But as Krajewski and others like him felt the tug of the ocean, most were too young to drive. The intricacies of surfing, the necessary strength and balance, paled in comparison to a more daunting challenge--getting to the beach.

Not everyone had a parent who would offer a ride. Glen Kennedy hitchhiked from Canoga Park. Putnam waited at a hamburger stand near his house, careful to hide his board from the "hard guys" who cruised by in their hot rods. He waited until older surfers came along.

"The older guys would say to us younger guys, 'All right, I'll take you,' " Putnam says. "But we ended up paying for gas and paying for their lunch."

When beach surfers realized that carloads of awkward newcomers were streaming over the hill, the rivalry began. The locals acted as if they could claim some ownership to the sea, as if they could trace their blood ancestry back to ancient Polynesians who rode heavy wooden planks across the breakers.
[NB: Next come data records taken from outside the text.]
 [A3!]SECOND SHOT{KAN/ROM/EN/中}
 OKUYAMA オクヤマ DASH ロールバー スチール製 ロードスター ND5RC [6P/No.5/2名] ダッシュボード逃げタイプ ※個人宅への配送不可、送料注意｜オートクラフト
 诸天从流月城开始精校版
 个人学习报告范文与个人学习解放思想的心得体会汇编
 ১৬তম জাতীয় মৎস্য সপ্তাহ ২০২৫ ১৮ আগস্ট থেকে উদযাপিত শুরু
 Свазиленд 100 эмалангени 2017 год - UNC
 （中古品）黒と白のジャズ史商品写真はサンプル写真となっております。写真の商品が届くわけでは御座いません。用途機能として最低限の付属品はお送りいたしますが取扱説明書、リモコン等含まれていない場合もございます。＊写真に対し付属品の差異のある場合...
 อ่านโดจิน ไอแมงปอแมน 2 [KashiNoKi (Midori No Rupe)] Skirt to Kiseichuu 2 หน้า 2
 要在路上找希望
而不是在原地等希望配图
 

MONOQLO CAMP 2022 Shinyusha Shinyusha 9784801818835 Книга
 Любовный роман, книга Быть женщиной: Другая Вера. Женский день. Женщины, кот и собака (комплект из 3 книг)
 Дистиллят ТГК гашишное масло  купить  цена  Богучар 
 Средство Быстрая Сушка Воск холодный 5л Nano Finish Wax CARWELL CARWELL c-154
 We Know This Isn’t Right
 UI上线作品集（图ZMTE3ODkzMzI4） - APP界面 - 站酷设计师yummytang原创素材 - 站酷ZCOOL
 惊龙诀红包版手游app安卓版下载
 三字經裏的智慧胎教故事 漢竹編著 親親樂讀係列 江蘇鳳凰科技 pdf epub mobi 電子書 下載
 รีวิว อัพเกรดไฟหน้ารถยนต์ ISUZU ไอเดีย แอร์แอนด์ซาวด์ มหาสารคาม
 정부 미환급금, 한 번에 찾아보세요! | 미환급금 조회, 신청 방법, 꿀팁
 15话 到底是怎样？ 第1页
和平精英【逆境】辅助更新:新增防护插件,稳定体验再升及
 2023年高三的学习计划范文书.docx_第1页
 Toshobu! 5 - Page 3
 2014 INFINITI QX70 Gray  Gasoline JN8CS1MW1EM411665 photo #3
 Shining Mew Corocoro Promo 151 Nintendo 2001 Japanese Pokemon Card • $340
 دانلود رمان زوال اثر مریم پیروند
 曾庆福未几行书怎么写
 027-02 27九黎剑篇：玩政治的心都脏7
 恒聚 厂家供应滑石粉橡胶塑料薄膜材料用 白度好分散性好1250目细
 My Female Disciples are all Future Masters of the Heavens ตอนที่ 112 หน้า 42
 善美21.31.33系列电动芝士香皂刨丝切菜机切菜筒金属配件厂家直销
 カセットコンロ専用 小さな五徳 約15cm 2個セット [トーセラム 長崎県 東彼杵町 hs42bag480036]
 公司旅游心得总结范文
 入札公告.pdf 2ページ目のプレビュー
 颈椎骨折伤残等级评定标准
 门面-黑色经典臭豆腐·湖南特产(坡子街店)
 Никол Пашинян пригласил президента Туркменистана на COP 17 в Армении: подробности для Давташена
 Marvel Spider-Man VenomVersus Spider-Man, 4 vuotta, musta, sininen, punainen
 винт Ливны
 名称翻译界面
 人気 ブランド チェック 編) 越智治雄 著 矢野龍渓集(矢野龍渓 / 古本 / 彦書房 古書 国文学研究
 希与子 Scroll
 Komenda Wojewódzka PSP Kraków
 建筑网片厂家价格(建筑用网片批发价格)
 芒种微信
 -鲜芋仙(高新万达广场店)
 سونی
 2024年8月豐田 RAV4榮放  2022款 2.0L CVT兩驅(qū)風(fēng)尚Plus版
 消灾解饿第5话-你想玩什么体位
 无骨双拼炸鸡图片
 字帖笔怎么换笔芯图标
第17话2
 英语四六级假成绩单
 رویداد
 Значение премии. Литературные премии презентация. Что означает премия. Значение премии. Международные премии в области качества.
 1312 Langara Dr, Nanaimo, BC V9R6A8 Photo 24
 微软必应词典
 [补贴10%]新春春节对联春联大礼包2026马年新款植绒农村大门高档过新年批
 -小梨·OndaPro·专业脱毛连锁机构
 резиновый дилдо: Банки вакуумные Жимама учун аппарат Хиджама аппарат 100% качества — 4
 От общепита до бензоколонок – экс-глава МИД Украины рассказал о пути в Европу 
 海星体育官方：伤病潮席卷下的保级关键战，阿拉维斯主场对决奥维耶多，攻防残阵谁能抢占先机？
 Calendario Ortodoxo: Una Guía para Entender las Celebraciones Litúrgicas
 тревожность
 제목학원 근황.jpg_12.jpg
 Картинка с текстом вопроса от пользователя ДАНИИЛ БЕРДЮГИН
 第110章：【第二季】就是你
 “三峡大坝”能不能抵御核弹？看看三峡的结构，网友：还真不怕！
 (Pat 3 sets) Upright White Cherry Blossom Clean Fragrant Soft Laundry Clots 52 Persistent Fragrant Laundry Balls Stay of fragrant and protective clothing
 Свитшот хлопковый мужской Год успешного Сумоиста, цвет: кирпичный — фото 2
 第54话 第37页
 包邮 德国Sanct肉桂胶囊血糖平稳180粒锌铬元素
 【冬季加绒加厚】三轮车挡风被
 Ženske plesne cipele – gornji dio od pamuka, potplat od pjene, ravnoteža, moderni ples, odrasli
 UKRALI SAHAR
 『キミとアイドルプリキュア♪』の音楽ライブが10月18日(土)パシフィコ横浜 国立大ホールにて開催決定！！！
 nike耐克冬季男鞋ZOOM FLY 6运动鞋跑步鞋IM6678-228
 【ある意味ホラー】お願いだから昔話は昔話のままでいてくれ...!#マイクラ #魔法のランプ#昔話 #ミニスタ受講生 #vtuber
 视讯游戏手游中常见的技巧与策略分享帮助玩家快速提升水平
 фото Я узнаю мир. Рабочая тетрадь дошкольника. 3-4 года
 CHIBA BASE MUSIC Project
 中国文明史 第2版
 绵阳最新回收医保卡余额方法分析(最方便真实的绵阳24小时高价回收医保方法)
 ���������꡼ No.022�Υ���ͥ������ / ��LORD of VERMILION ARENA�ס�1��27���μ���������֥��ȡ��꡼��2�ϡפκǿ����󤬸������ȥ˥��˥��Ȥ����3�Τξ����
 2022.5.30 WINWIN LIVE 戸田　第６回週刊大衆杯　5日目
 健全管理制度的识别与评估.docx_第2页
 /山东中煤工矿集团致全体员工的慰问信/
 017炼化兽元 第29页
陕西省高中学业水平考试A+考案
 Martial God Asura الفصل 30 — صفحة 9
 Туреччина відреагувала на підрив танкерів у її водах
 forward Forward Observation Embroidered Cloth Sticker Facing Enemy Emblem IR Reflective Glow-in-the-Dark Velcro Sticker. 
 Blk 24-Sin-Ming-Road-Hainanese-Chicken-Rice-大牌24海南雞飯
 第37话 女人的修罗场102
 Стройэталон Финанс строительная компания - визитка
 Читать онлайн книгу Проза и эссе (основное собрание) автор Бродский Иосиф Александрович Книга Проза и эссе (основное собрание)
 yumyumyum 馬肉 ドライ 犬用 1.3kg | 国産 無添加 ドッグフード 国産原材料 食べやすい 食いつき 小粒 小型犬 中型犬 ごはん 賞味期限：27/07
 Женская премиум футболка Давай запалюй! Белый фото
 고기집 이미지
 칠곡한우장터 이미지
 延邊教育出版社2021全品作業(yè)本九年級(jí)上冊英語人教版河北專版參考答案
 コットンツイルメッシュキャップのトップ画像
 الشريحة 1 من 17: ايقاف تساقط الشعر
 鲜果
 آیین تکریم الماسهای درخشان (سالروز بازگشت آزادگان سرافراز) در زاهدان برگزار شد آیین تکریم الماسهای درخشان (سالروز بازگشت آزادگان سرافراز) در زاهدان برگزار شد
They began painting "Vals Die" on the sidewalks.

"The beach surfers always felt they had more right to the water because they lived closer," Richards says. "Sometimes there were fights in the water."

More often, the animosity took the form of trash talk.

"You saw a lot of guys getting vibed," says Michael Marcellino, a Sherman Oaks surfer. "There was a lot of talk to psych guys out."

And there were antics. Legend has it that locals once tried to block the canyon roads during a large swell so that Valley surfers could not reach the coast. They also waxed car windshields and stole lunches from the younger, visiting surfers. Some Vals, in turn, developed a technique called "buttching," by which they would sabotage their sandwiches and fruit by rubbing this food against various parts of their bodies.

Malibu proved a hotbed for such give-and-take. An angry veteran punched dozens of dents in a Valley surfer's stray board. Young Vals "buttched" their lunches daily. And Putnam made the mistake of cutting off the legendary Mickey Dora.

"You," Dora muttered. "Out."

Putnam dutifully paddled to shore and spent the rest of the afternoon watching from the sand.